DATASET SECTION START

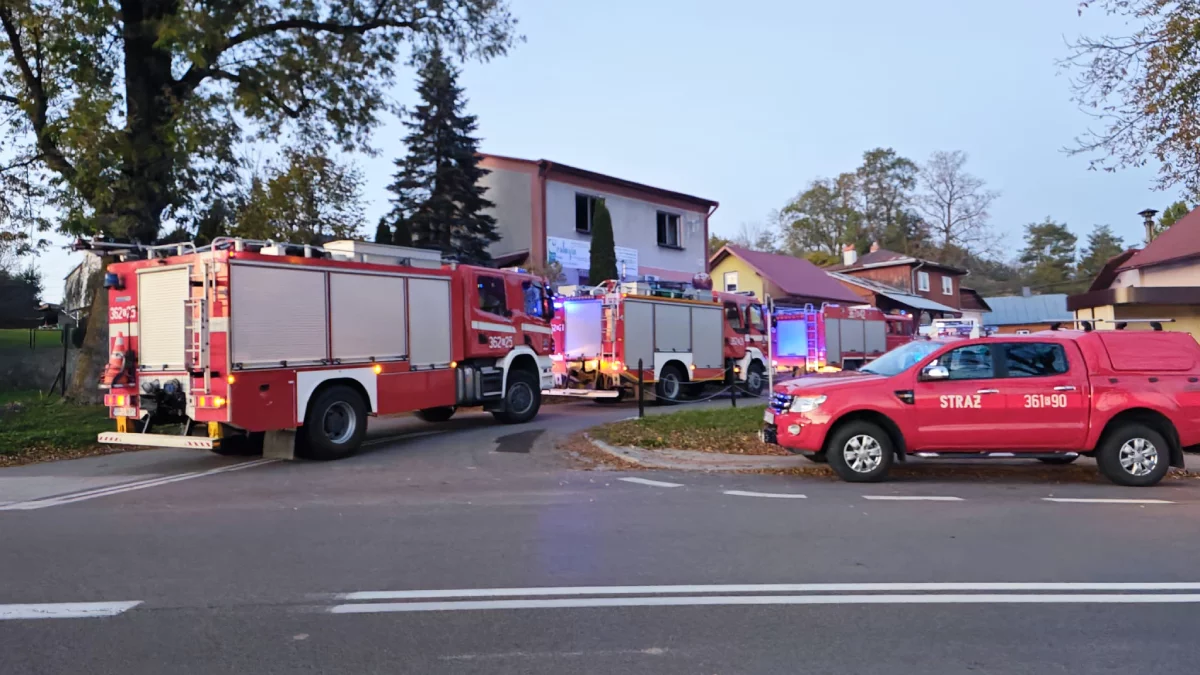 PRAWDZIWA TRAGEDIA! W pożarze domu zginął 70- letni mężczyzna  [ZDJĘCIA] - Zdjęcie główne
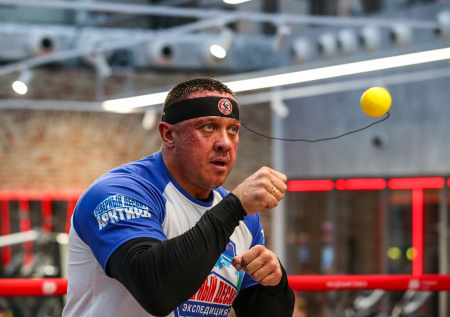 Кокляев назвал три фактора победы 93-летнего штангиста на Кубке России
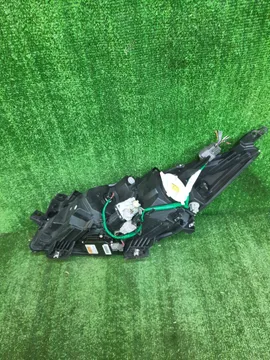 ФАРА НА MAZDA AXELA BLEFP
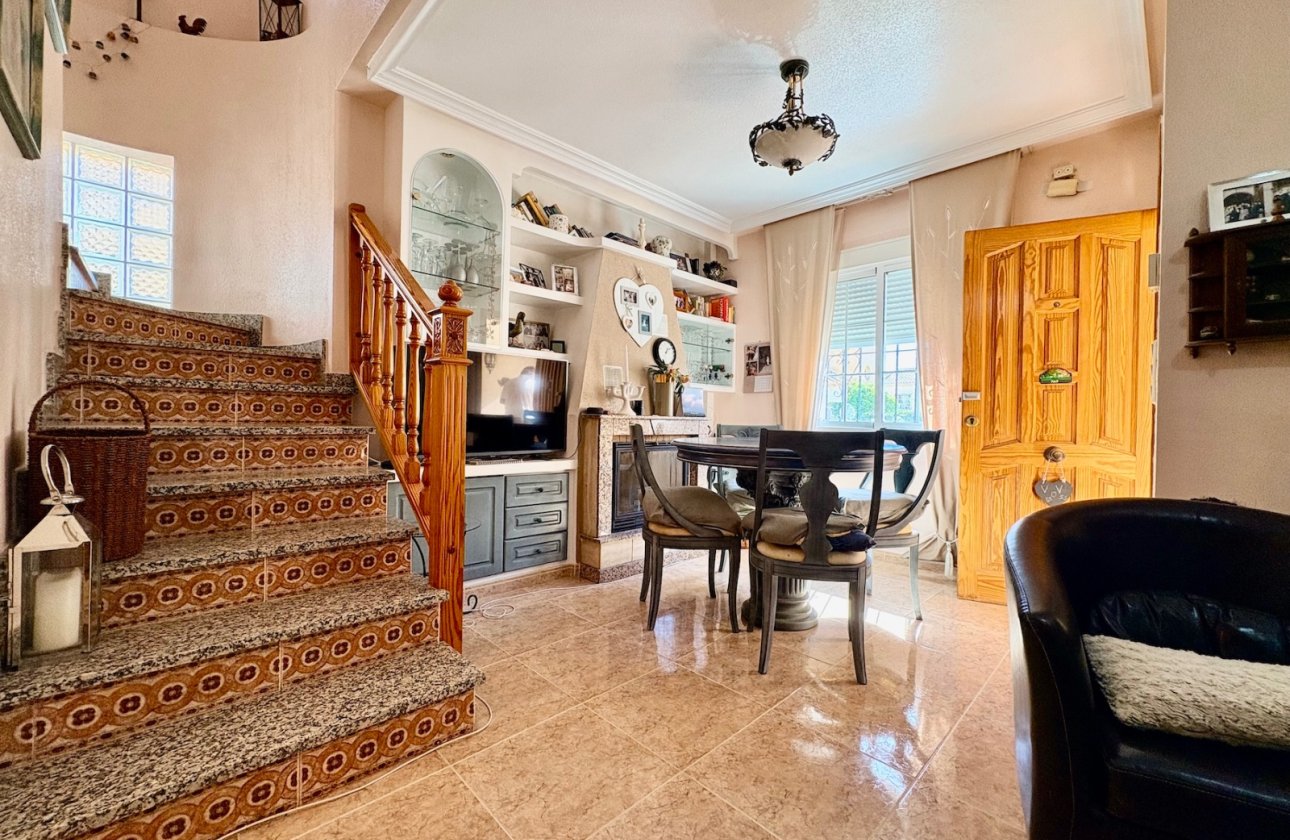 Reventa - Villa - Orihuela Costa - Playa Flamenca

DATASET SECTION END

- **TASK DETAILS**
Please retype the lines from the one that contains "ФАРА НА MAZDA AXELA BLEFP" through the final line of the data, both included, without any pictures.

- **RESPONSE**
 ФАРА НА MAZDA AXELA BLEFP
 Reventa - Villa - Orihuela Costa - Playa Flamenca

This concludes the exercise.